Your assignment: Copy every line that contains the string "Watch" from the entries below.

[Dataset entries]
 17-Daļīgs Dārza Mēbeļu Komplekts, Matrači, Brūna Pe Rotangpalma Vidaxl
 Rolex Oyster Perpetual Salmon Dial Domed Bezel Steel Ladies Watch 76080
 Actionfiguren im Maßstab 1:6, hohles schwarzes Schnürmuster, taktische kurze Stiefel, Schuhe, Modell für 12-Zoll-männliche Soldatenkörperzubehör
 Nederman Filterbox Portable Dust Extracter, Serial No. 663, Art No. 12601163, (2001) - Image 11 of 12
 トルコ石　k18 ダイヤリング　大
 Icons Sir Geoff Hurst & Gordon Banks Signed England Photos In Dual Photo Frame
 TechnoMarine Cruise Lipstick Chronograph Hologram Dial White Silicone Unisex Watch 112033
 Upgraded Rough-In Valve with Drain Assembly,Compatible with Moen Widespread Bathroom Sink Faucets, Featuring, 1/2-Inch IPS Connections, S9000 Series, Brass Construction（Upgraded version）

Answer box:
 Rolex Oyster Perpetual Salmon Dial Domed Bezel Steel Ladies Watch 76080
 TechnoMarine Cruise Lipstick Chronograph Hologram Dial White Silicone Unisex Watch 112033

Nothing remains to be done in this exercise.